Coaching and mentoring

One of the most frequent questions that prospective students ask, is: “What is the difference between a coach and a mentor… between coaching and mentoring?”

While both are used as professional development tools and most of the skills required are similar, the structure and the outcome of coaching and mentoring are decidedly different.

Definition of coaching and mentoring

According to the International Coach Federation ( coaching is used when partnering with a client in a thought-provoking and creative process – a process that inspires the person to maximize his/her personal and/or professional potential.
When defining mentoring, it may include coaching principles, but has an added dimension in the fact that it is done by someone who is (at the same time) an experienced and trusted advisor.

That’s why ( defines mentoring as: “And employee training system where a senior or more experienced individual (the mentor) is assigned to act as an advisor, counselor, or guide to a junior or trainee. The mentor is responsible for providing support to, and feedback on, the individual in his or her charge.”

Both coaches and mentors do their work based…

  • on their industry expertise (e.g. banking, health care, manufacturing),
  • on position expertise (e.g. marketing, finance, human resources),
  • on skill sets (e.g. spokesperson, committee chair, conference presenter) or other valuable expertise that can enhance an individual’s or professional’s life.

Differences between coaching and mentoring

Both coaching and mentoring can be very effective strategies. The terms “coaching” and “mentoring” are even sometimes used interchangeably. Yet there are quite distinct differences between the two.

A coach is someone who assists you with the here-and-now. Their role is to support you to improve performance (career or personal) in the shorter run. Coaching doesn’t focus on the distant past or future. As such, coaching is performance driven and usually entails short term goals that are actively worked towards so as to achieve a specific aim.

A good coach is someone who dynamically assists their client to learn – believing that the individual has the answer to what they need but that they may need help finding the way forward. John Whitemore in states that: “Coaching is unlocking a person’s potential to maximise their own performance. It is helping them to learn rather than teaching them. The key question a coach will ask is “How?” and their continual objective will be to raise your competence and improve your skills.

A mentor assists a less experienced person by providing motivation, guidance, support and insight into a particular field – one in which that they themselves are experienced. A good mentor is someone who doesn’t want to produce a clone of themselves, but rather is enthusiastic about their mentee’s goals, respectful of their abilities and willing to champion for their success. Therefore, mentoring is development driven, looking to open your horizons through commitment to learning goals. They advise and model positive behaviours. They value learning and maximises the mentee’s skills and talents.
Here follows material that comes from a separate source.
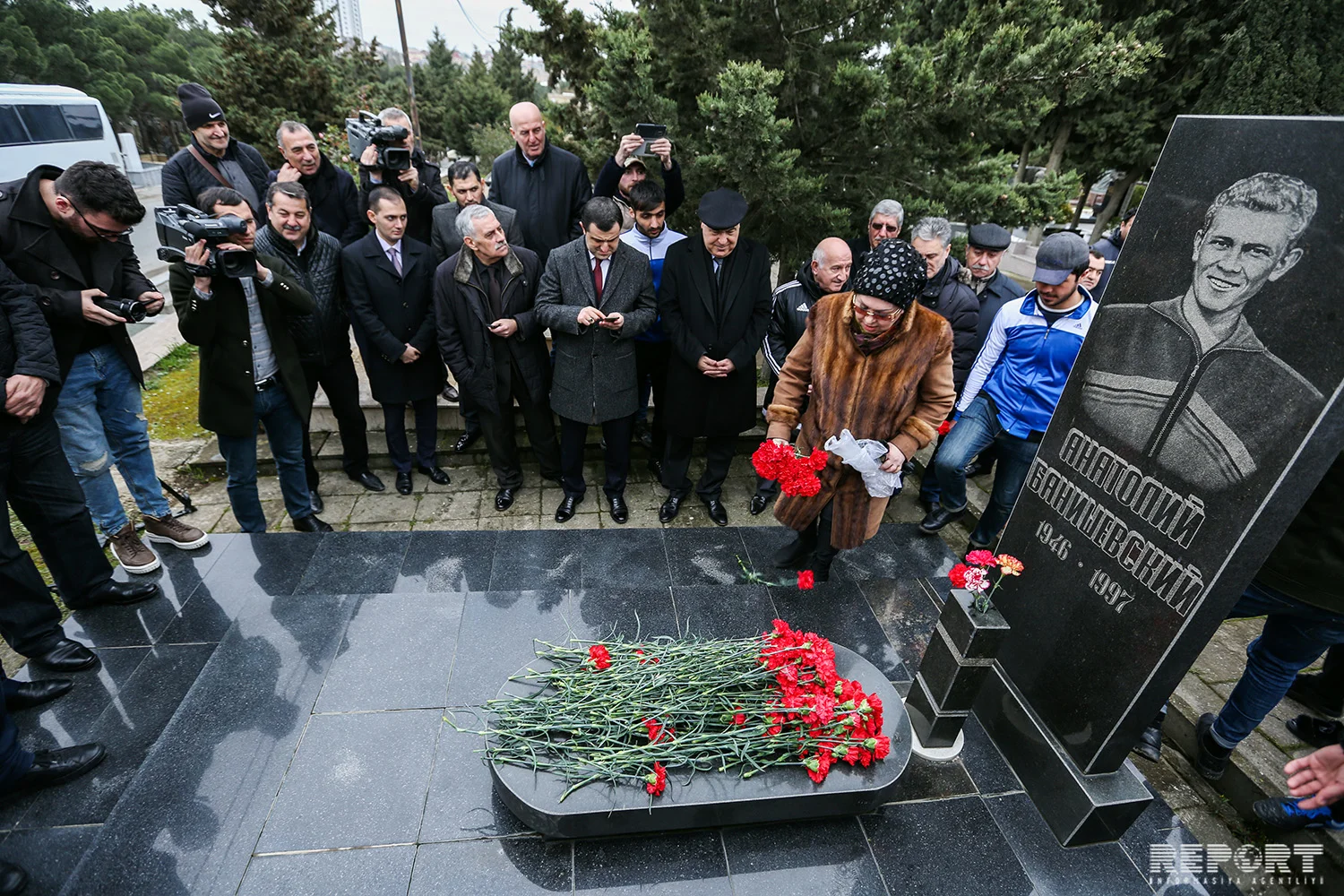 Çingiz Abdullayev Banişevskinin ruhundan utanır - FOTOLAR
Within this broader framework some of the differences between coaching and mentoring can then be better delineated:

  1. In the mentoring relationship the focus is on rapport and a more personal connection. In the coaching relationship, however, is on a partnership within an open and honest atmosphere.
  2. A mentoring relationship is an ongoing relationship that can last for a long time. In coaching the focus is on a short-term (and sometimes time bound) relationship.
  3. Contact between a mentor and mentee is usually more informal, with meetings taking place as and when the mentee needs guidance or support. In coaching the sessions are (generally) more structured in nature and meetings are scheduled on a regular basis.
  4. In mentoring sessions the mentee usually sets the agenda. Thereafter, the mentor provides support and guidance to prepare the mentee for future roles or specific development. In coaching sesions the agenda is set by the client and is focused on achieving specific, immediate goals.
  5. Mentoring revolves around developing the mentee professionally – particularly regarding his/her skills and their application to the specific work context. Coaching revolves around specific personal development areas or issues – often related to behaviour, attitudes or self-awareness.
  6. Mentoring is a m long term process and takes a broader view of the person. Coaching is focused on specific current development areas or issues.
  7. The role of the mentor is more focused on listening, role modelling, making suggestions and connecting. The role of the coach is more n on-directive: allowing the client to lead the way and access their own internal resources to forge the way ahead.
  8. The mentor usually has more experience within the organisation, and is able to give the mentee a “big picture” view of the latter’s role therein. The coach does not need to have direct experience of the client’s formal occupational role. He/she uses a process that can be utilized in most settings.
  9. While mentors seldom use diagnostic tools, coaches frequently use profiling to, as this offers alternative insights. This includes 360-degree feedback, personality questionnaires, etc.
  10. The goal of a mentor is to broadly develop the mentee in all areas that needs mentoring. The goal of a coach is to achieve specific, immediate goals in order to develop is employees specific competencies.

So, which is best: Coaching or Mentoring?

Both mentors and coaches have much to offer. Therefore, whichever path you decide to embark upon, it will give you the tools to effectively mentor and/or coach people to enhance their performance. And to find more fulfillment in their work or lives.